Thu, 20 Oct 2005

Am at educause today. Some of the presentations are much more interesting than I’d expected- there is hope for education in general; people are doing really cool stuff. They seem to be doing a lot of it in proprietary software (there was an open source talk, but unfortunately I missed it) and often with proprietary content, but at least there seem to be a whole lot of people asking good questions and having good ideas about how multimedia, online interaction, dynamic modeling, MMORPGs, etc. can be used in education. The audience is sort of shocking, though- I’m currently in a student panel, with probably 200-300 people in it, and probably 10 raised their hand when asked if they knew what wikipedia was. They cheered loudly for the one boomer student on the panel (he’s getting a masters on nights/weekends.) It may be that in many cases we have to wait until our generation is in charge to really integrate tech seamlessly into educations, though I definitely give everyone here credit for trying :)

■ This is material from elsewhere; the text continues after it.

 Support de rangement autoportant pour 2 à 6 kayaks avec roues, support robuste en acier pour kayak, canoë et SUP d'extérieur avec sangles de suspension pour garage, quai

Most random, interesting tech I saw today: clickers are apparently a new toy to get dynamic student interaction in a lecture environment- they can answer multiple-choice questions or rank things 1-10 and the prof can get immediate feedback. Seems like an interesting way of knowing what is going on in your lecture hall and grabbing student’s attention and involvement, though obviously is gameable and has some potentially negative implications for student privacy.